Gorillaz - The Now Now

 

 

 

 

 

 

 

 

 

 

 

De qui parle-t-on ? :

Duo anglais, actif depuis 1998, composé du chanteur de Blur, Damon Albarn, et du graphiste et musicien Jamie Hewlett.

 

De quoi parle-t-on ? :

Après un exercice monocorde et sans saveurs, les Gorillaz retrouvent quelques couleurs et ajoutent à leur tendance hip-hop habituel, la pop, la soul, le folk, … et autres joyeusetés musicales.  

 

Rythme :

-          Je me suis endormi dans mon fauteuil

-          Ne me perturbe pas quand je lis en même temps

-          Mes pieds se mettent à bouger

-          Je me lève et je fais la danse de l’épaule

-          Mes enfants sautent comme des cabris dans la pièce

L’auditeur peut se laisser emporter par la dose de groove entrevue notamment sur les morceaux Tranz, Hollywood et Lake Zurich, mais le rythme d’ensemble plutôt intermédiaire lui permettra surtout de battre la mesure.

 

Accessibilité :

-          Après plusieurs écoutes je n’ai toujours pas saisi la mélodie

-          Plusieurs écoutes sont nécessaires avant d’apprécier la mélodie

-          Mélodie agréable mais sans aspérité

-          Les refrains entrent directement dans ma tête

-          Que des hits taillés pour les stades

L’excentricité musicale n’empêche décidément pas la fluidité harmonique.

 

Audience :

-          Musique que madame me demande de réécouter

-          Peut-être écouté en famille sans déranger madame

-          Madame s’en va quand je l’écoute

-          Tellement bizarre que je fais attention d’être seul pour l’écouter

-          Tellement bruyant que mes voisins ne me parlent plus

Les titres Humility, Tranz, Hollywood ou encore Lake Zurich devraient aisément conquérir le grand public.

 

Qualité audiophile :

-          J’ai l’impression que c’est mon voisin qui écoute l’album

-          Le format MP3 n’altérera pas trop l’écoute

-          S’écoute impérativement en format non compressé (CD ou autre)

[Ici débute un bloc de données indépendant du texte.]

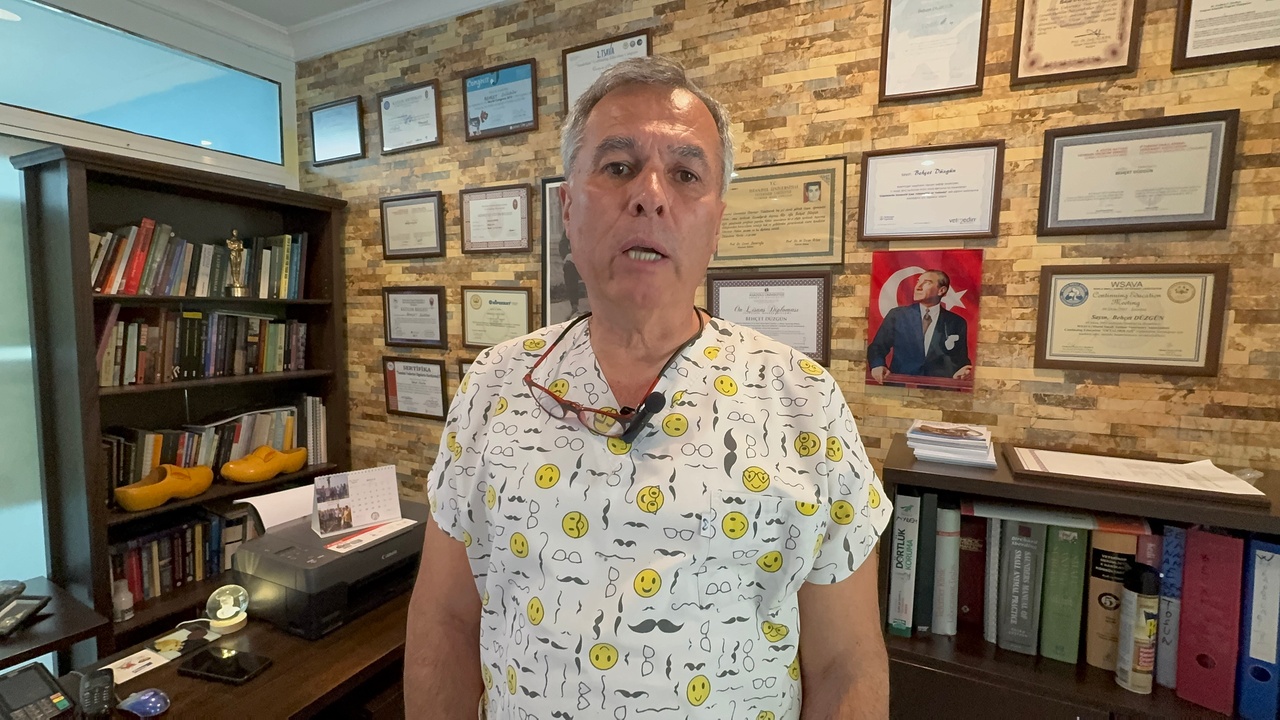 Foto - İlçe sakinleri ne yapacaklarını şaşırdı! CHP işini yapmıyor domuzlar bayram ediyor!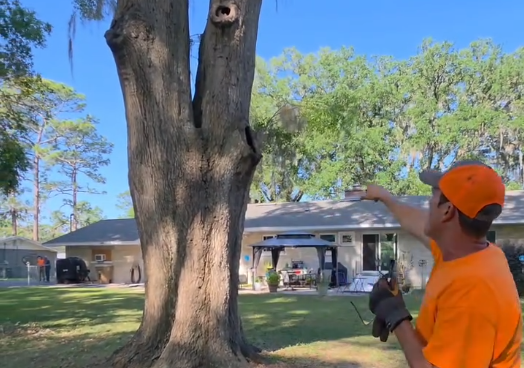 Dusty shows us what a V shaped union looks like and why its hurtful to your trees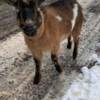 Sheep & Goats Rehoming Nigerian Dwarf Goats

Le duo retrouve aujourd’hui l’originalité et la variété, difficile dans ce cas d’accepter la compression.

 

Conclusion :

-          Je l’ai écouté une fois mais c’est une fois de trop

-          Après plusieurs écoutes j’ai du mal à m’y faire

-          Je l’écoute facilement mais sans émotion

-          J’ai beaucoup de plaisir à l’écouter

-          Il tourne en boucle sur ma platine

 

Un an seulement après le dérapage incontrôlé des Gorillaz sur leur pénultième exercice, Humanz, il fallait se faire violence pour décider de glisser ce nouveau The Now Now dans un lecteur CD. Dire que ce précédent opus, monomaniaque et d’un conformisme affligeant, était une déception à la hauteur des aventures musicales explorées jusqu’alors par le combo britannique était un doux euphémisme.

Les Gorillaz font aujourd’hui leur propre autocritique et corrigent le tir en renouant avec une tradition groove quelque peu oubliée et en retrouvant les vertus vocales de leur leader naturel, Damon Albarn.  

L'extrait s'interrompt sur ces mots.